● **GOAL OF THE EXERCISE**:
Give back exactly the lines from the beginning of the listing below to the line holding "I have another", both ends included; the pictures stay out.

● **THE DATA**:
+++
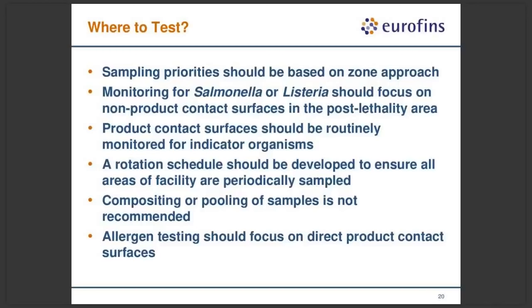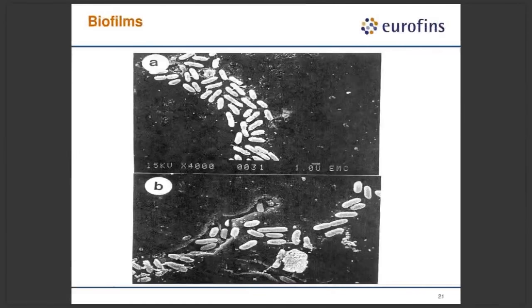For allergen testing, you should focus on direct product contact surfaces — the odds of getting an allergen from a floor onto a product are not good, so testing direct contact surfaces for allergens is advised. There will be places in your facility where you have the potential for biofilm formation of spoilage organisms, indicator organisms, or pathogens — your sanitation program is key to controlling these biofilm areas. This is an example of a Listeria biofilm on a pristine piece of stainless steel — after 30 minutes under running water, the organisms are still attached. Microbes attach through van der Waals forces and hydrophobic interactions, which is why you need sanitation chemicals with detergents to lift them off and kill them with sanitizers after cleaning.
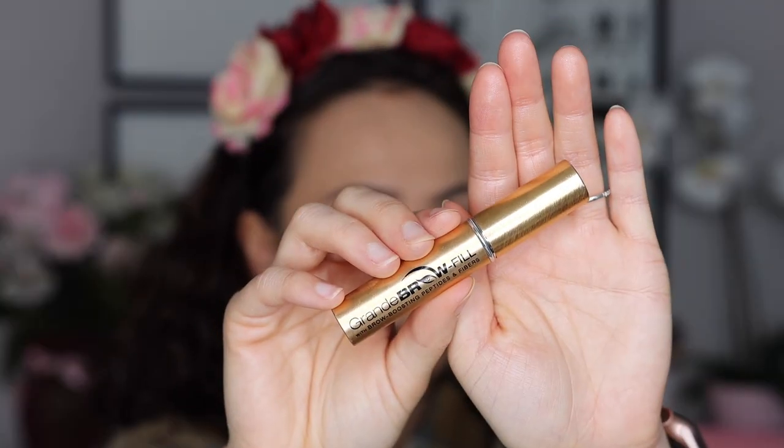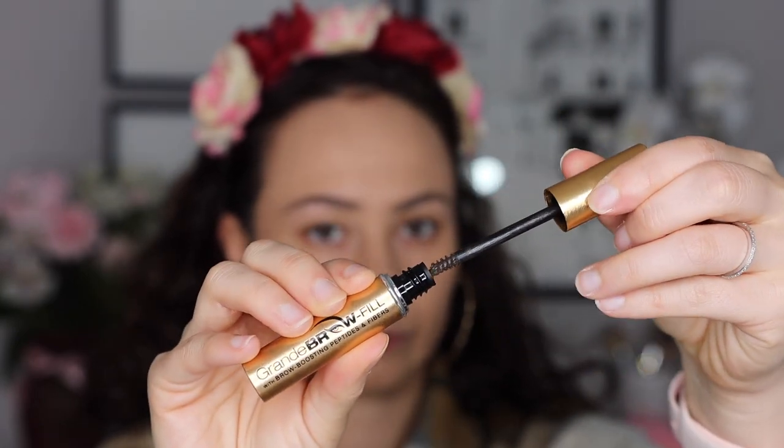I have another eyebrow product I've been really enjoying — from Grande Cosmetics, this is the Grande Brow Fill with brow boosting peptides and fibers. Grande reached out to me and I picked this out from their website — it's definitely a standout product in their collection. I have mine in the shade dark and it's a tinted brow gel. I feel like it really does add fibers to my brows which makes them look thicker, but it also gives a nice hold that's not super hard. The brows still look natural and soft rather than like they could break. This is my new favorite brow gel — highly recommend it. I believe it also has ingredients that help speed up the growth of your eyebrows, which is always nice.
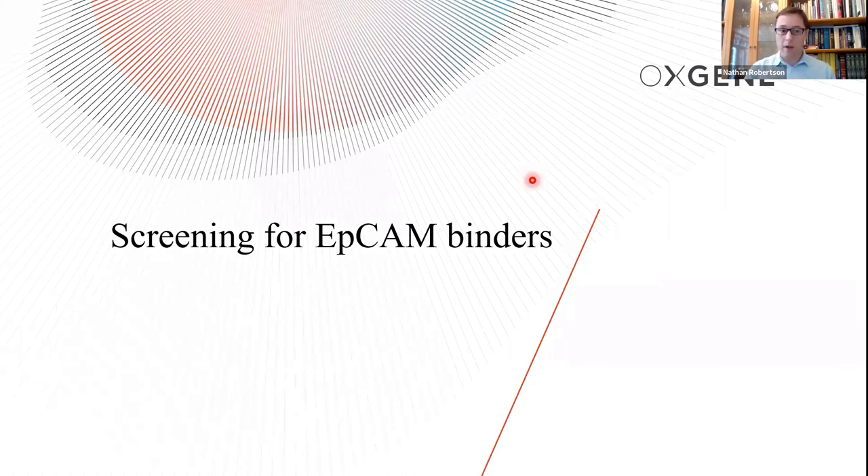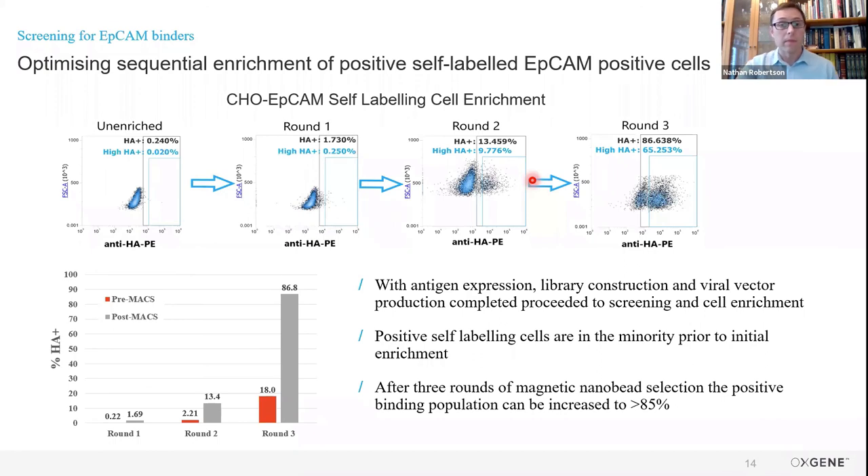Now the second half of the talk — how have we applied this to an actual target, in this case EPCAM, which is an oncogene overexpressed in many cancer cells. What we've done here against EPCAM is made our cell lines, expanded the cell line up to about two to four billion cells, and then transduced with our SCFV library. In this case we used an MOI of one, slightly higher than normal. We then applied our MACS enrichment method. Each scatter plot shows the self-labelling signal at each of the different rounds of the autoMACS procedure. On the far left, with no enrichment, the self-labelling signal is extremely low, as expected — very few binders to begin with.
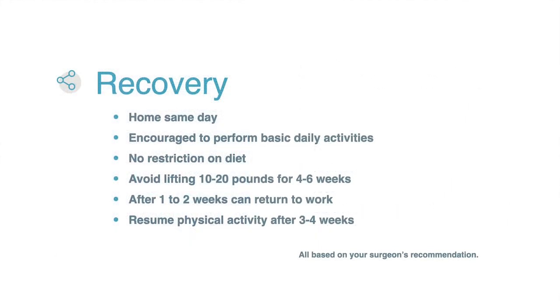In terms of recovery, people go home the same day from this operation. Patients are encouraged to ambulate and perform their basic daily activities. There are no restrictions on what you can eat. We often encourage people to avoid lifting over 10 to 20 pounds for four to six weeks after surgery, depending on what your surgeon tells you. After about one to two weeks, most people can return to work with lifting restrictions if heavy lifting is part of your job. Patients can resume physical activities such as running, cycling, and light aerobics after about three to four weeks with appropriate caution if cleared by your surgeon.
+++
● **ANSWER SPACE**:
For allergen testing, you should focus on direct product contact surfaces — the odds of getting an allergen from a floor onto a product are not good, so testing direct contact surfaces for allergens is advised. There will be places in your facility where you have the potential for biofilm formation of spoilage organisms, indicator organisms, or pathogens — your sanitation program is key to controlling these biofilm areas. This is an example of a Listeria biofilm on a pristine piece of stainless steel — after 30 minutes under running water, the organisms are still attached. Microbes attach through van der Waals forces and hydrophobic interactions, which is why you need sanitation chemicals with detergents to lift them off and kill them with sanitizers after cleaning.
I have another eyebrow product I've been really enjoying — from Grande Cosmetics, this is the Grande Brow Fill with brow boosting peptides and fibers. Grande reached out to me and I picked this out from their website — it's definitely a standout product in their collection. I have mine in the shade dark and it's a tinted brow gel. I feel like it really does add fibers to my brows which makes them look thicker, but it also gives a nice hold that's not super hard. The brows still look natural and soft rather than like they could break. This is my new favorite brow gel — highly recommend it. I believe it also has ingredients that help speed up the growth of your eyebrows, which is always nice.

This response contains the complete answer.